You all know the scene. Harry and Ron running to save Hermione from the troll, Hermione saving their butts from Professor McGonagall, and well – just them saving each other. I’ve always loved that scene, tame it might be compared to the adventures the Golden Trio shared when they got older. But I always loved it because it set the precedent to their entire friendship. They were so wildly different from one another – each of them had their own priorities, their own insecurities, their own fears, but no matter how dark the path ahead was, no matter the odds, they chose to stay together. At the end of the day, they always chose each other. And it was that constant choice that protected, and ultimately saved the entire Wizarding World.

But for me, Harry Potter was never about the saving the world part. It wasn’t about the Boy Who Lived part either. It was always about the in-betweens. The love, the courage, the friendship, the sacrifices, and the choices – always the choices. I grew up admiring Harry, Ron, and Hermione, and wondering if I’d ever have the courage to stand up for myself and for my loved ones like they so often did. And as much as I admired how brave they were when confronting dark wizards, I admired their determination to make simple brave choices in their everyday lives more. How they stood up for each other with Malfoy, or Umbridge, or even with Snape. How they stood by each other when most people turned their backs on them. Their unconditional love for one another was the kind of love I wanted with my friends. And like everything worth having, the journey was quite tough.

I am a very opinionated person, you see. I’ve got Ginny’s temper, Hermione’s control issues, Harry’s sarcasm, and Ron’s patience (or lack thereof). But I like to think that they possess a quality that I share with all of them – their ability to love. I’ve always prided myself on that. Like them, I put a lot of value on friendship. Like them, I am a put-everything-down-if-a-loved-one-calls kind of person. That’s why I’m so picky with friends. And that’s why I have such a select few. Because these are the people I would do anything for. And I wouldn’t face a mountain troll for just anyone.

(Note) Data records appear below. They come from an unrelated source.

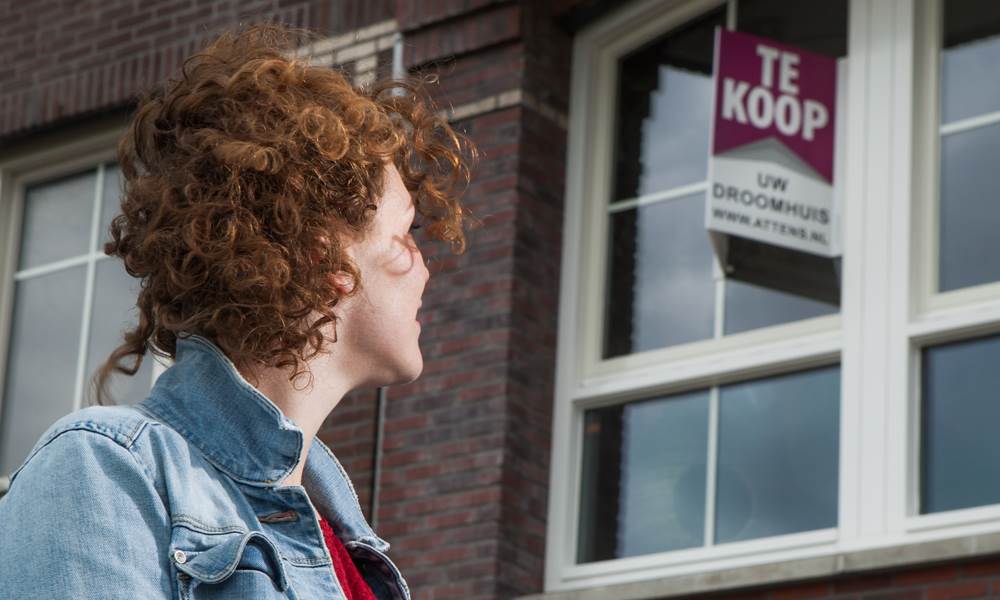 Vrouw kijkt naar tekoop bord op raam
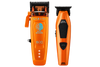 Two orange cordless hair clippers shown side by side on a plain white background. The left clipper is labeled SABER II and features a blue circular graphic with the words 'DIGITAL BRIGHTNESS'; the right clipper is labeled JRL.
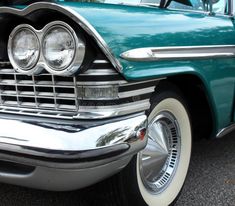 the front end of an old green car with chrome rims and grill grilles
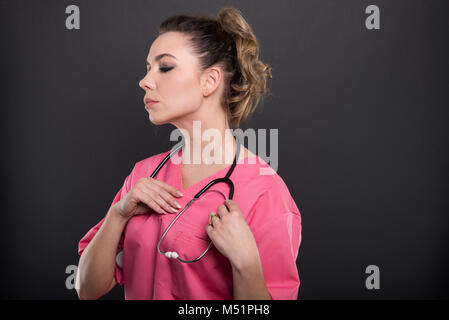 Magnifique Portrait de jeune médecin organiser son stéthoscope sur fond noir avec copyspace zone publicitaire Banque D'Images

A few months ago, I had to face my metaphorical troll. I was faced with a choice – to do what my heart was telling me – to protect my friends, or to do what my mind was telling me – to protect myself. I chose my heart, and in the process I lost people who were very close to me, and I gained suspicion from people who were not. I felt like Harry when no one believed that Voldemort was back. I was angry, and sad, but also proud – because I knew it was what Harry would have done. I took comfort in that. And I took comfort in the fact that I wasn’t alone. I had my Ron and my Hermione. My two best friends. And that was more than enough for me.

But in the process, that choice led me to more beautiful things. I discovered my Neville in an old friend – who turned out to be quite the hero. And then I met new ones. Luna. Cho. Penelope. Even Pansy (who knew I could get along with a Slytherin?!) Dean and Seamus. Fred and George. The list goes on. I met incredible people who give me so much joy, and it was all because I mustered enough strength to choose “what was right, and not what was easy”. Just add that to the wonderful things J.K. Rowling has given me.

I survived a battle with a twelve-foot mountain troll because of these people. Looking at it now, it seems so small. So silly. And so insignificant. But like that chapter in Harry’s life, it will always be important as most memories are, because it led me to where I am now.

Now I’m ready to go on new adventures, fight bigger fights, dream bigger dreams, with them at my side. Because where they are, I am safe. I am home.